Si segnala la sentenza n. 174/2018 con la quale la Corte Costituzionale ha stabilito che «Subordinare il beneficio dell’assistenza esterna ai figli minori di 10 anni alla scelta di collaborare con la giustizia significa condizionare in via assoluta e presuntiva la tutela del rapporto tra madre e figlio in tenera età al “ravvedimento” della condannata».

Appare, pertanto, più utile garantire ai minori un rapporto il più normale possibile con la madre anche se quest’ultima sta in carcere e non mostra segni di pentimento.

Si può, quindi, condizionare alla collaborazione con la giustizia l’accesso a un beneficio se quest’ultimo è volto alla risocializzazione del detenuto, ma questa possibilità non sussiste se l’interesse protetto è “esterno” e, più precisamente, se è quello del figlio minore ad un rapporto quanto più possibile normale con la madre.

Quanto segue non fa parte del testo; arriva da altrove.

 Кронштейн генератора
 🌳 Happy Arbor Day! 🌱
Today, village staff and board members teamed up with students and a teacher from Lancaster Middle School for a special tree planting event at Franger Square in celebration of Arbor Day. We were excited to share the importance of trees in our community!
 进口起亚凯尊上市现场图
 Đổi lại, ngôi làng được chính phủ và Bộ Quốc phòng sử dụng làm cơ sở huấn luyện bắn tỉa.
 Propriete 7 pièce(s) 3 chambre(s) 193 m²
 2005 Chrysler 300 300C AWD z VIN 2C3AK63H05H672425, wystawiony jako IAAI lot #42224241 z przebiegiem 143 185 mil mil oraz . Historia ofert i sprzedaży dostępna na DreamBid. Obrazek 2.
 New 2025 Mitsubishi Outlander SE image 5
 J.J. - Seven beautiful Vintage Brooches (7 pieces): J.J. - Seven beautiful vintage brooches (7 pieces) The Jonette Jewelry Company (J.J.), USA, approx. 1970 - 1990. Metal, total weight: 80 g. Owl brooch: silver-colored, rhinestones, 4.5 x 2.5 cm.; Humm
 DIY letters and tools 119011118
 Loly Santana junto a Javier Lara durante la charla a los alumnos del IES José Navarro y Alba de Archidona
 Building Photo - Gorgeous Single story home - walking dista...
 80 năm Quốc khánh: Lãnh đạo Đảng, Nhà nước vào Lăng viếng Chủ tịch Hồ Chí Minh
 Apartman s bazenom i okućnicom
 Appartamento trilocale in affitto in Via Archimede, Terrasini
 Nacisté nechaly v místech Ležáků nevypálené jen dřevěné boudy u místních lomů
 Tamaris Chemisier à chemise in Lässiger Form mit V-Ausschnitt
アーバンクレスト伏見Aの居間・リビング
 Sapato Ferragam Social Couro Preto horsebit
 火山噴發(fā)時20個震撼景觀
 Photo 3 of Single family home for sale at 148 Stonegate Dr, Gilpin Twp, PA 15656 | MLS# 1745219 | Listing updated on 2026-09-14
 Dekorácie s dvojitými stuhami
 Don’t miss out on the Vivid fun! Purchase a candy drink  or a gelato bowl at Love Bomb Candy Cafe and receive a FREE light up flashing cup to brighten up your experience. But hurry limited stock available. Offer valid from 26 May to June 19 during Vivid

Da qui l’incostituzionalità dell’art. 21 bis Legge n. 354/1975 che, nel caso delle detenute per i “reati ostativi” ex art. 4 bis commi 1, 1 ter e 1 quater legge citata, nega l’accesso a questo beneficio o lo subordina all’espiazione di una frazione di pena, salvo che sia accertata una collaborazione attiva con la giustizia.

Incostituzionalità della norma che, comunque, non pregiudica le esigenze di sicurezza in quanto la concessione del beneficio «resta pur sempre affidata al prudente apprezzamento del magistrato di sorveglianza chiamato ad approvare il provvedimento disposto dall’amministrazione penitenziaria».